12Prenons l’exemple de la musique. On peut prendre connaissance des structures musicales des styles baroque, classique ou romantique, on peut apprendre qu’en ré majeur il y a deux dièses à la clé, qu’une syncope est une note à cheval sur deux temps. Mais cela ne fait pas comprendre la musique. Alors un jour, nous écoutons une musique (ou mieux, nous en jouons) et cette fois-là, cela nous émeut, nous bouleverse, nous transforme. Sans que l’on sache encore trop bien ce qui se passe, quelque chose vient d’être saisi. C’est ça la formation. Il en est de même pour l’éducation, l’art, la santé mentale, la philosophie, etc.

13En systémique, on peut apprendre des concepts comme la fonction, la loyauté, les transactions souples et rigides, la ponctuation des séquences de faits, etc.

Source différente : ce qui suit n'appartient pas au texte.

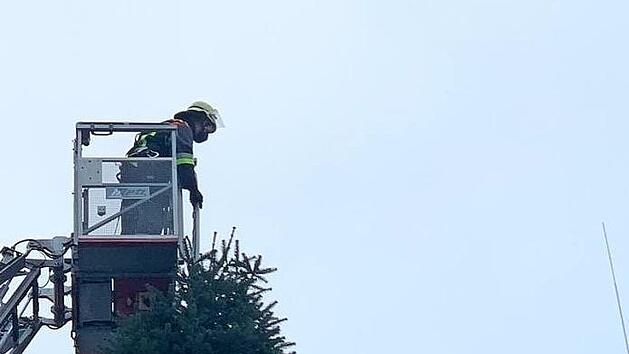 Mit Hilfe der Drehleiter gelangte der Weihnachtsbaum der Feuerwehr auf den Schlauchturm, wo er ein Zeichen der Hoffnung in den Baunachgrund sendet.  Foto: kb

Mais cette connaissance ne nous fait pas comprendre le paradigme systémique. Pour se former à la systémique, il s’agirait plutôt de voir combien nous sommes reliés les uns aux autres, de sentir à l’intérieur de nous l’influence du contexte relationnel dans lequel nous nous trouvons, de vivre l’expérience de la transmission générationnelle, etc.

14En résumé, il nous faut abandonner l’idée qu’un simple apprentissage de techniques, d’outils, de procédures suffit à faire de nous des thérapeutes sensibles, créatifs et intelligents. Par contre, pour devenir thérapeute (de couple), il nous faut accepter l’idée qu’il faille passer par des découvertes qui nous bousculent, des prises de conscience qui nous émeuvent, des principes qui s’effritent, des horizons qui s’élargissent. En d’autres termes, lorsqu’on a comme projet de devenir thérapeute, il faut accepter l’idée que nous allons devoir nous transformer. Avec toute la charge affective liée à ces recatégorisations. Malheureusement (ou plutôt heureusement), il n’y a pas de modèles à copier, de recettes à appliquer ou de procédures à suivre, mais bien une créativité, une sensibilité, une souplesse d’esprit, une adaptabilité à développer.

Croire qu’un bon thérapeute sait

15La deuxième illusion à déconstruire concerne le statut du savoir.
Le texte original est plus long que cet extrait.